Emeritus Professor Gisela Kaplan
Professor Gisela Kaplan has served the University of New England in a range of roles from 1996 until retirement in 2009, including from 2007 as Professor of Animal Behaviour in the School of Science of Technology, where she currently holds the title of Adjunct Professor.
Prof Kaplan’s international reputation as an expert in contrasting academic disciplines has been celebrated in multiple ways, by the bestowal on her of prestigious awards by professional bodies. These include the international primatological community where she served on the international scientific committee and is now a life member; and the international ornithological community, where she has served as the only Australian on the Executive of the International Ornithological Union. The latter body recognised Prof Kaplan as an authority on bird behaviour and one of the foremost ornithologists in the world. In addition, Prof Kaplan was elected to the honours list of the 100 most eminent international scholars in ornithology worldwide, by the American Ornithology Union. She is an award-winning author and has been distinguished by a Federation Award for her community work, and by the Publishers’ Association of Australia for her outstanding published work. More recently, she received the prestigious Whitley Book Award for outstanding publications relating to the fauna of the Australasian region, presented by the Royal Zoological Society of New South Wales, for her monograph entitled Bird Minds. She has championed the idea of ‘science for the people’ and helped bring into focus animal behaviour and interest in native species – all in the name of the University of New England. She has a high public profile and is a well-known and highly respected public intellectual.

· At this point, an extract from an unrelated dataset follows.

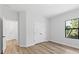 Sunlit bedroom with neutral walls, wood-look floors, and a view to the outdoors at 4313 Appleton Ter, North Port, FL 34286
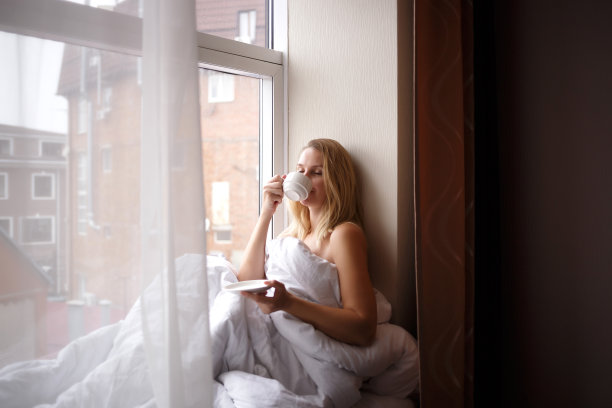 一个裹着毯子的女人坐在大窗户旁边的窗台上图片下载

Prof Kaplan’s publication record is truly remarkable. During her twenty year association with the University of New England, she has produced no fewer than eighteen highly successful academic books based on intensive research that breaks new ground, and written chapters in more than forty others. These are supplemented by highly regarded research papers. Together with articles for public consumption, she has produced some 250 papers. Her study The Australian Magpie, reprinted many times, is a remarkable scientific achievement, inspiring Australians from all walks of life. Her recent publication, Bird Minds. Cognition and behaviour of Australian native birds, has been praised in the most prestigious international journals, including Animal Behaviour. It is a landmark publication covering approximately 500 Australian land-birds, and proposes novel theoretical insight.
Prof Kaplan has also provided highly valuable service contributions to both the University of New England and the wider public. For many years she reliably offered her services to University of New England events such as Enrichment Day, volunteering annually (2001-2006) and providing a segment of a program for gifted primary school children on Sundays. For ten years she participated in the Siemens Science Day (1998-2008), held in January for high-school students. It was Prof Kaplan who usually gave the first presentation to open the day. She was also a regular volunteer on Open Day at the University of New England. She has earned the respect of local communities, never refusing the copious invitations to speak about native animals, conservation and scientific research at community events and in primary and high schools. On the Northern Tablelands she has been a regular, and often repeat, invited speaker to local organisations and clubs. She has also been an invited speaker at the Academy of Science, and part of special Canberra Academy of Science events, bringing international scholars together. Prof Kaplan collaborates with the New South Wales Council of Conservation on special programs designed to foster positive attitudes to wildlife in school children. She is a regular public broadcaster and a prolific journalist in a range of newspapers and magazines (such as Nature Australia, GEO, Endangered Species, The Australian and others – producing articles all designed to educate the public. She has conducted some 250 interviews a year for the leading media in Australia, and for the BBC and CNN on matters pertaining to her expertise. This included Skype link-ups with the BBC London and CNN news.
In her retirement, Prof Kaplan continues to inspire the academic communities in her fields of expertise, and to enhance the University of New England’s reputation. Her research continues apace, and since the publication of Bird minds she has signed a contract for a follow-up publication. She has so well crossed the threshold to a public persona that this trend is likely to continue. In 2016 alone, Prof Kaplan was involved in approximately 300 national and international interviews.
The University congratulates and applauds Prof Kaplan, recognising her outstanding scholarship and impressive contributions to the disciplines she serves, and to the University of New England, by conferring upon her the title of Emeritus Professor.